You are charged with murdering 37 people. How did you select the individuals you attacked?
Who were the Irish gang you confronted?
Why did you confront them?
What were the men doing when you confronted them?
Did they attack you when they saw you?
Who were the Dogs of Hell?
Why did you confront the Dogs of Hell?
What were the Dogs of Hell doing when you confronted them? Did they attack you when they saw you?
What Cartel did you confront? Why?
What were the men in the Cartel doing when you entered the warehouse to confront them? Did they attack you when they saw you?
Going back to your daughter’s book, have you ever quoted that phrase?
What are the specific times you said that quote?
The goal is to make Frank Castle look human. The Defense should focus on Castle’s suffering and that constant grief is the reason he waged a one-man war on organized crime. That Castle saw his family butchered and is obsessive with killing those that destroyed his family. It would be a form of the insanity defense, with a touch of jury nullification that is unstated.

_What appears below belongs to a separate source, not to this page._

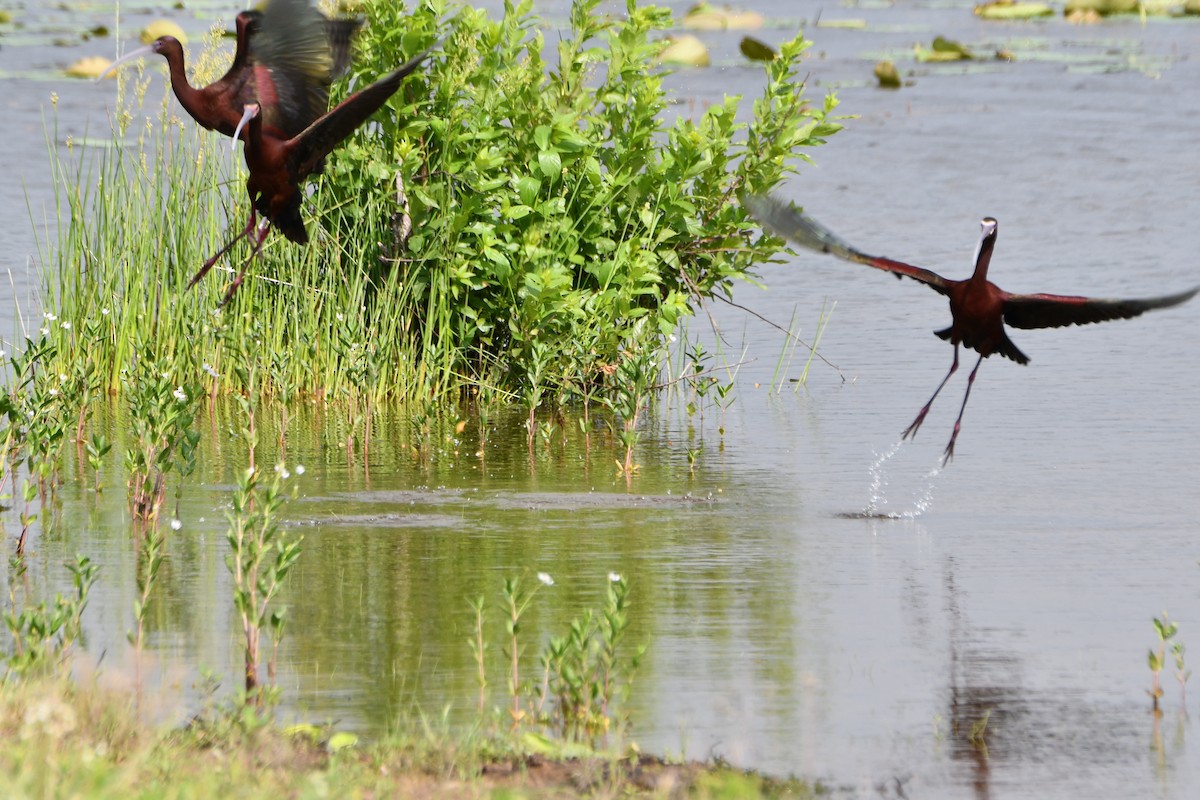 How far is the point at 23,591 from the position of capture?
19.2ft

Jury nullification is a dangerous argument for any attorney, because lawyers cannot outright ask juries to ignore the law. Matt Murdock and Foggy Nelson would have to offer a justification for the killings before the jury, by showing that the people Frank Castle killed had even killed more people and would have continued to do so.

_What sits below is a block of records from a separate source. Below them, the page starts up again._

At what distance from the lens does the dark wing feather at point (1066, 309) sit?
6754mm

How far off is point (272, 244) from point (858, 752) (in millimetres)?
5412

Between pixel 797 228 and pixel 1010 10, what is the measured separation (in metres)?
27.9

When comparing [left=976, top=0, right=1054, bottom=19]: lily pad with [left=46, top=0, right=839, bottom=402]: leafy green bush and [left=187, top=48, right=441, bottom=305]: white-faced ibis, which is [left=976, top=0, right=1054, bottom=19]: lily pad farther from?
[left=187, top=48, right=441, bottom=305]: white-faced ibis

The smarter plan would have been NOT having Frank Castle testify. Expert testimony on the Dogs of Hell, the Irish mob, and the Cartel, would have established the crimes attributed to each gang, the number of people the gangs had killed, and establish how dangerous each group was to the public. The psychologist’s expert opinion on Castle’s mental state and then tied to the gangs in closing argument would have avoided the explosive situation of having the Defendant testify.